El presidente Alberto Fernández tuvo su primera reunión regional desde que asumió el cargo con los otros tres mandatarios del Mercosur más el representante de la Unión Europea, Josep Borrel, del otro lado del Zoom.
A la importancia natural del encuentro se le sumaba el hecho de que, con Jair Bolsonaro, era la primera vez que Fernández se veía, aun cuando ambos no cruzaron palabra en el encuentro virtual.
Fernández sobreactuó esa diferencia -que va en directo perjuicio de la Argentina- al tratar cariñosamente a los demás mandatarios y ni siquiera nombrar al brasileño.
El presidente dijo algo en lo que manifiestamente no cree, si nos tenemos que guiar por lo que son sus propias acciones en particular y las del movimiento al que pertenece, en general.
En efecto, Fernández dijo que “todos estamos de paso en nuestra función y lo que nosotros creamos individualmente no debe interponerse en los planes de unidad de la región”. Pero en realidad todos sabemos que el kirchnerismo tiene una visión hegemónica del poder y, al mismo tiempo a que aspira a permanecer en él siempre, se maneja como si fuera el propietario del país, de sus activos, del Estado y de sus recursos.
De modo que allí, a la sobreactuación sentimental del presidente, deben sumársele afirmaciones que se dan de bruces con los hechos y los procedimientos de su gobierno y del movimiento político al que pertenece.
Ese giro tanguero de Fernández con el que quiso congraciarse con el “querido amigo” Lacalle Pou, con “Marito” Abdo Benítez y con el “amigo” Borrell -por oposición al innombrado Bolsonaro- no alcanza para borrar lo que son las posturas fácticas del país que, en definitiva, son las que cuentan para tomar decisiones en el bloque.
Y en ese terreno, lo que se ve es que, gracias al gobierno que la representa, la Argentina es hoy una incrustación jurásica en el Mercosur, una especie de caricatura de los años ’40 en pleno siglo XXI.
Desesperadamente echa mano cada dos minutos a “la pandemia” con cara de circunstancia y rictus de alarma, como si allí encontrara un último salvavidas que le justificara sus extravagantes reclamos proteccionistas y de nacionalismos aislacionistas.
Como era de esperar, ese recurso, que el presidente y todo kirchnerista de pura cepa repite como un mantra dentro de la Argentina (“es la pandemia”, “estamos en medio de una pandemia”, “la pandemia no obliga a estos sacrificios”) también estuvo presente en la reunión del Mercosur.
Allí el presidente aseguró que “la pandemia de coronavirus obligará al mundo a repensar los procesos económicos” y agregó que había que unirse para “enfrentar el desafío” de un modo que deje de lado a quienes “buscan su suerte individualmente”, en lo que seguramente él creyó era un cascotazo para Bolsonaro que ni se dio por aludido y tampoco se mostró interesado en remarcar que el único miembro del grupo que estaba manifestando una postura tendiente a “buscar su suerte individualmente” era justamente la Argentina, toda vez que es el único país de los cuatro que intransigentemente se opone (desde que Fernández es presidente) a que el bloque vaya a una postura más abierta al mundo, a que negocie asociaciones de libre comercio con otros países o con otros bloques comerciales y a que se integre a la economía mundial por la vía de bajar el promedio de su arancel externo común.
En ese terreno la Argentina es la única “individualista”; todos los demás -Benitez, Bolsonaro y Lacalle Pou- están de acuerdo en que el aislamiento prehistórico al que aspira la Argentina no va más en el mundo actual.
Por lo demás, el país sorprende con giros tan violentos en la forma de ver sus relaciones exteriores.
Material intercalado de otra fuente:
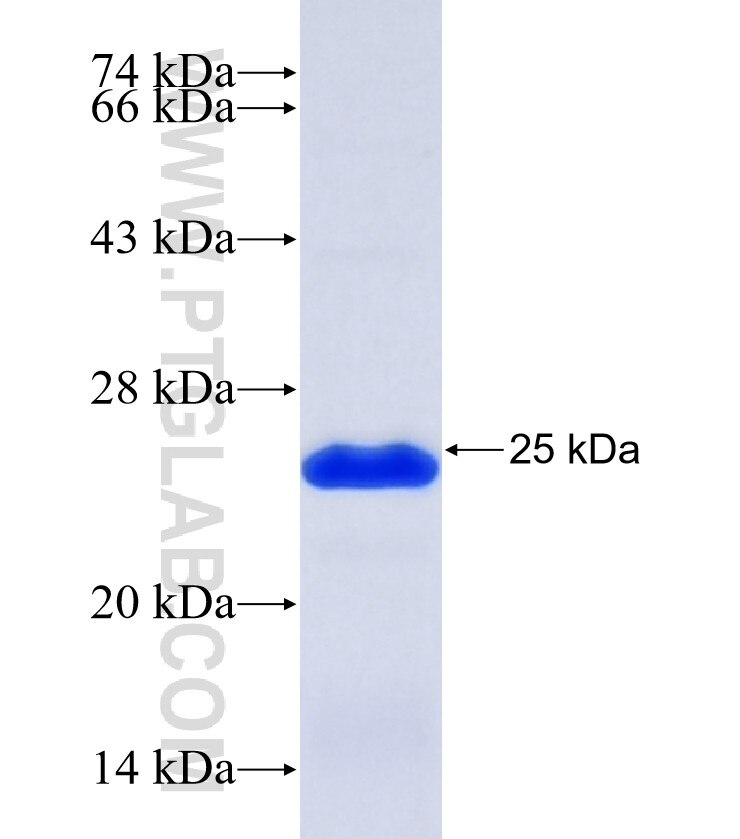 BSN fusion protein Ag26434 SDS-PAGE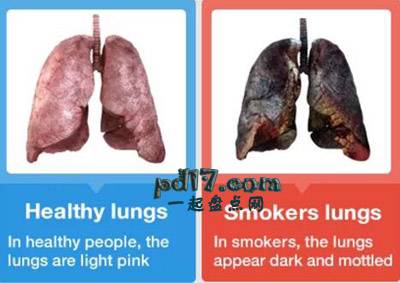 人类史上最致命的疾病Top5：气管，支气管和肺癌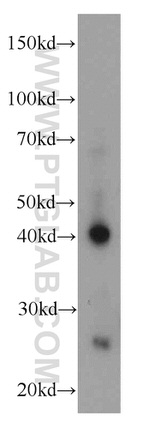 AIM2 Antibody in Western Blot (WB)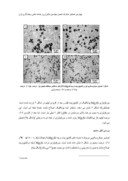 مقاله بررسی اثر Li و Na بر ریزساختار مقاطع نازک کامپوزیت درجا Al - Mg2Si صفحه 5 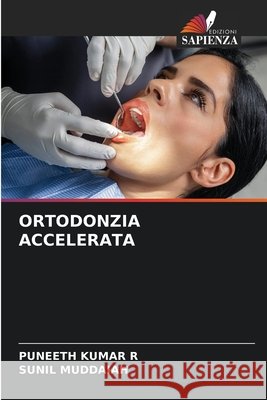 Ortodonzia Accelerata Puneeth Kuma Sunil Muddaiah 9786207664573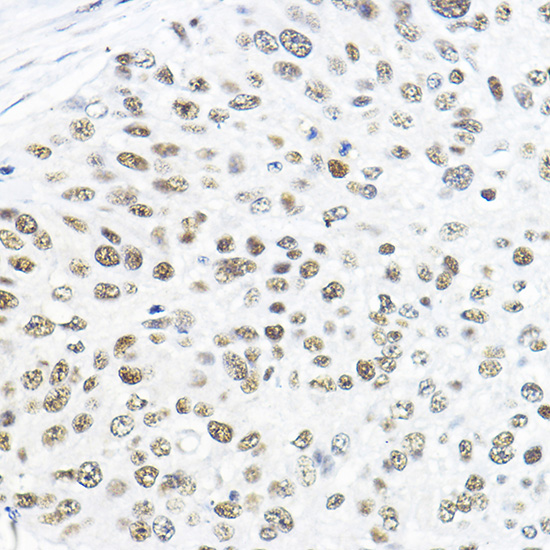 GTF2B Rabbit polyclonal antibody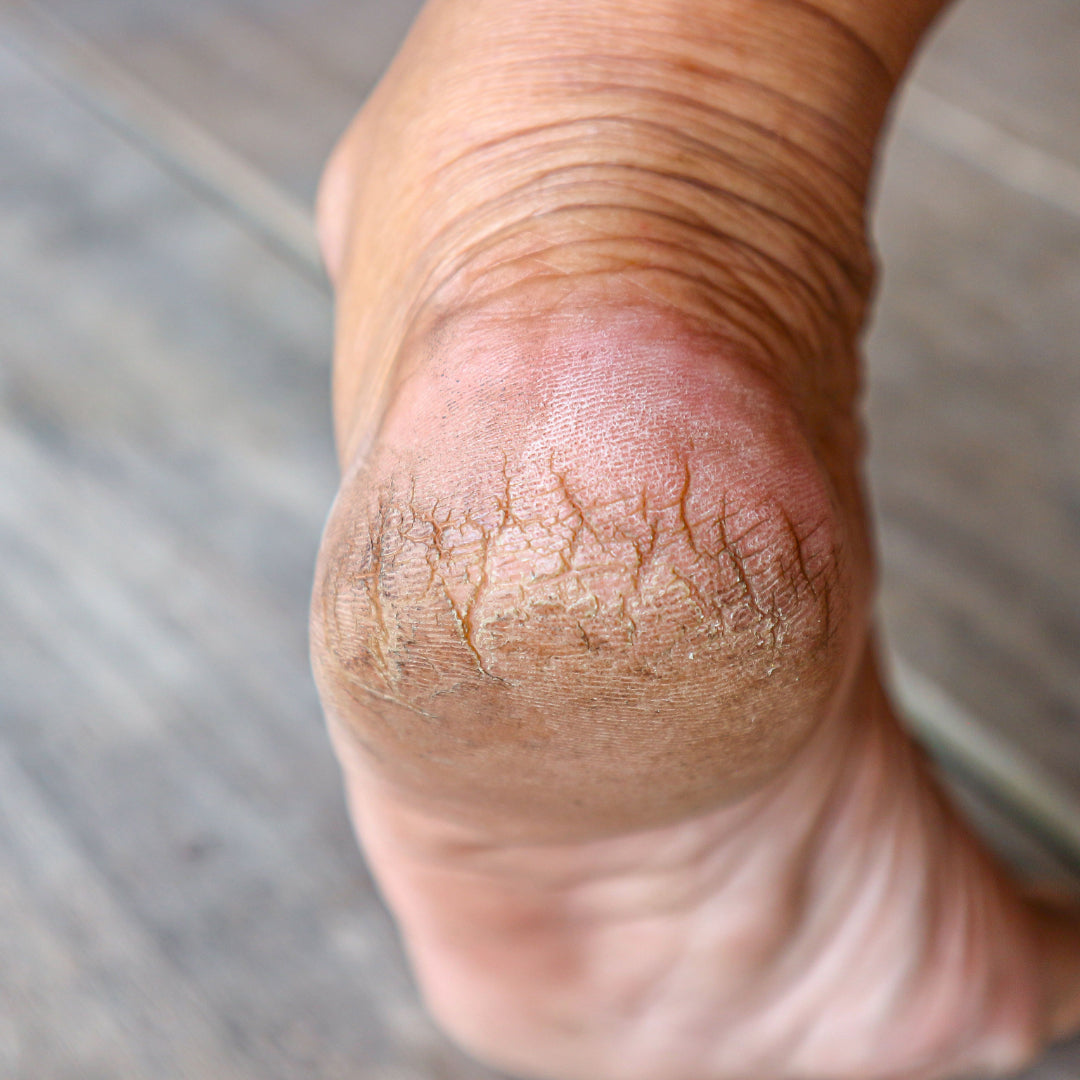 A close-up of a bare heel with dry, thickened, cracked skin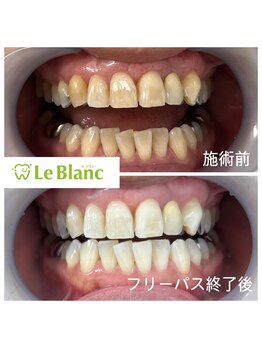 ルブラン 奈良店(Le Blanc)/笑顔に自信を持ちたい方へ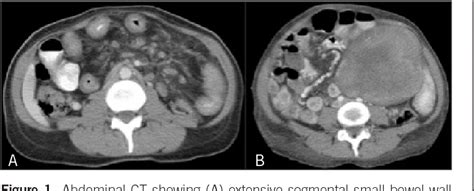 Pdf Mesenteric Fibromatosis In Crohns Disease As A Potential Effect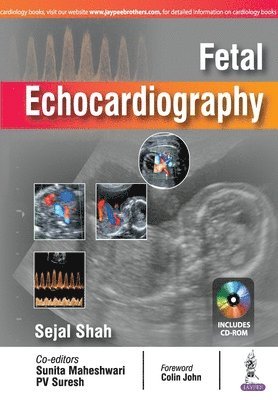 Sejal Shah - Fetal Echocardiography, Häftad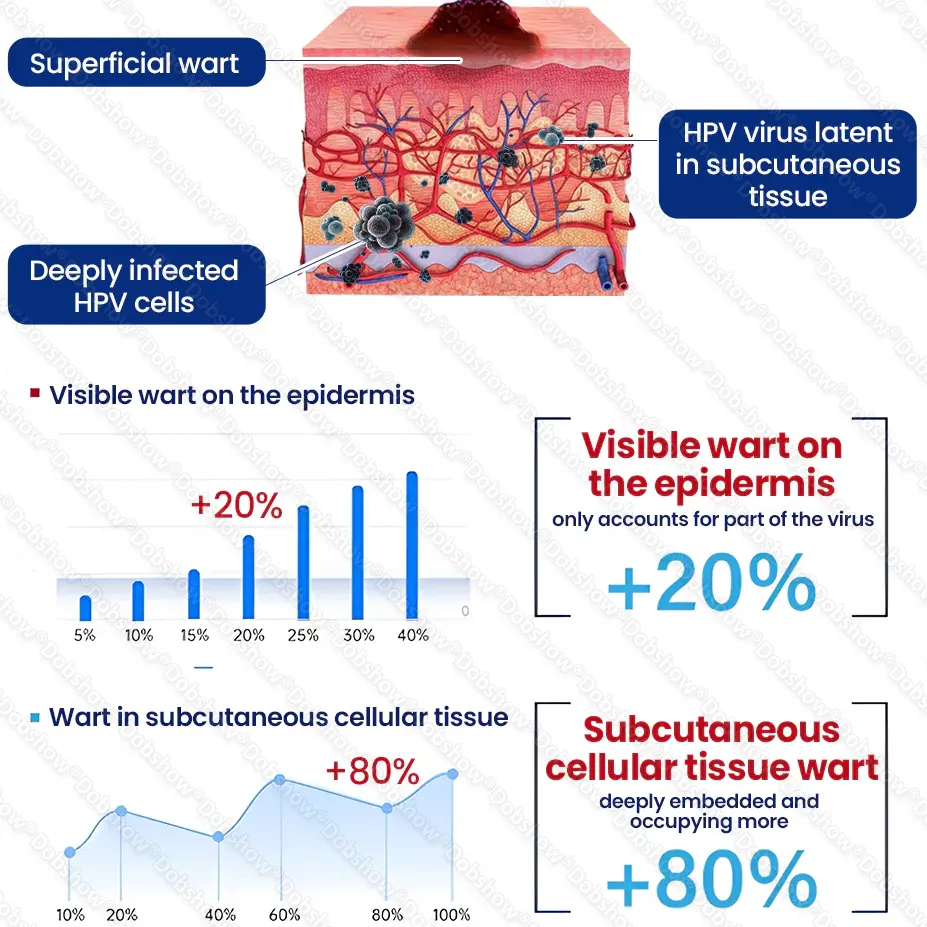 🔥Best WartLock Cryo-Recovery Cooling Spray🎉Special limited-time discount - Image 3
Bajo el presidente Macri la Argentina iba en la dirección que hoy estimulan Uruguay, Brasil y Paraguay. Fue un motor protagónico en ese sentido y jugó un rol decisivo en la integración con la UE y con el mundo entero. Ahora, bajo Fernández, y rogando al cielo que “la pandemia” le haga un favor, aspira a liderar un modelo de encierro y aislamiento más propio de la televisión en blanco y negro que del actual mundo de las apps.
La responsabilidad que le cabrá a Fernández y a todo el movimiento al que él pertenece por marginar al país de una ola de modernidad y liberación -que llevará a quienes la identifiquen a mejores niveles de vida, al confort y a la afluencia- será oceánica, de dimensiones descomunales.
La Argentina, bajo estos patrones jurásicos de decisión (que representan los Fernández y los Kirchner), va camino de quedar colgada de una palmera antigua y maltrecha a la que nadie le preste atención, un jugador marginal al que nadie quiere de socio y al que todo el mundo mira con la mueca que se le dedica a los malogrados sin sentido.